Growing up we moved every year and a half. I never lived anywhere longer...sometimes we moved even more often than that. They weren't just moves across town (although we did those too), they were moves across country, across oceans even! We moved to England, Toronto, Edmonton, Kelowna, Peachland, Westbank, Abbotsford, Mission, Langley, Oregon, Texas....I think that is it! Every year we would move and every year we would have to make new friends, new routines, new traditions. Every year I was the new girl. Every year I was ripped from the best friends I had just barely made. There was one thing that remained the same each year, however. Every year at Christmas we would drive to my Nana and Grandad's in Peachland, BC, to celebrate with them and the rest of our family.
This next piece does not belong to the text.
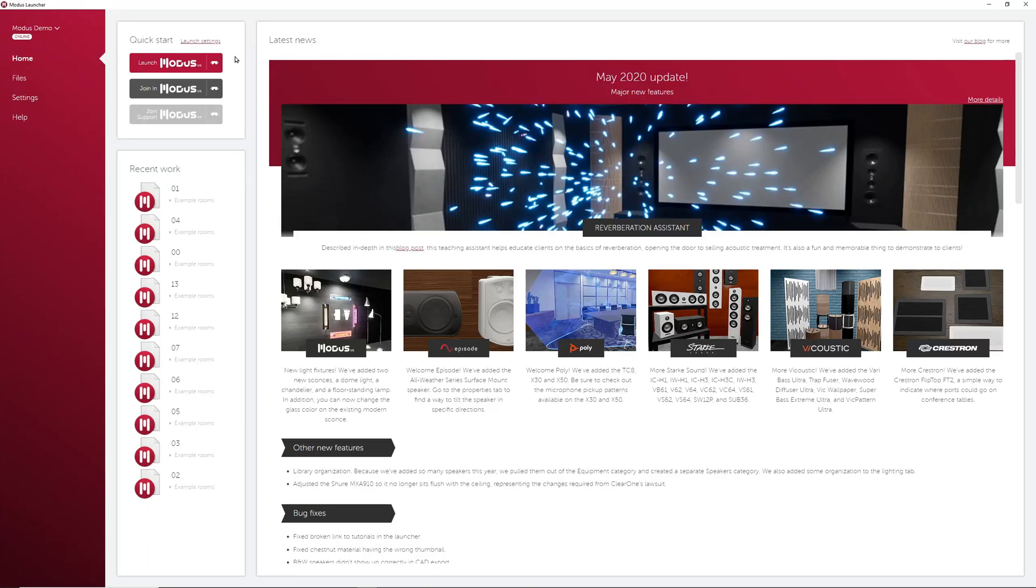Hey everybody, welcome to the Modus Launcher. This is the first video covering the Modus Launcher.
Even when we lived as far away as Texas we would drive the 4 day trip out there just to spend the holidays with them. It was the constant in my life. Every year it was the same: we would see my Nana and Grandad, my uncle David and his kids, my Aunt Leslie and her kids, and before he passed my Uncle Glen and his kids. We ate rumballs every year and always played balderdash. I would stare at all my Nana's english decor: the painting of the English soldier, the statuesque head on her shelf, and the metranome that sat on her piano. We would play in their backyard looking at birds and running around with their dogs. Every year we would come back to it...to them.
I have deep scars, and it bothers me that to this day that I don't have my child hood places to return to. I don't have the house I grew up in, the park where I first kissed a boy, the school yard where we ice skated for recess or the church where I first met the Lord. I can't show my children any of that. What I did have though, was my family. This year though, things have changed. Earlier this year I lost my grandma, then in November I lost my Grandad, and earlier this week I lost my Uncle David. I can't describe how strange it feels to be losing my family because to me it seems like so much more than that. It isn't just my family...it is my childhood. They are the only people and memories I had every single year outside of my own mom, dad and sister.It is as if my history is dissapearing before my very eyes.
I struggle with these thoughts yet I know I shouldn't. I know the Lord has blessed me with a new family. New memories to make and new places to visit. I know the things of this earth are simply that: things! As much as I know that, it is still hard. I guess I just needed a venting post to let these thoughts out. I don't normally blog about anything other than adoption, haha as I'm sure most of you are aware of, but today I felt like switching it up. Perhaps God is giving me a tiny glimpse of what so many of the children who come into my house must feel, moving from foster home to foster home, never living in the same place, and having complete histories unknown. I only pray that our home can be the last stop for these children and that a new history can begin for them!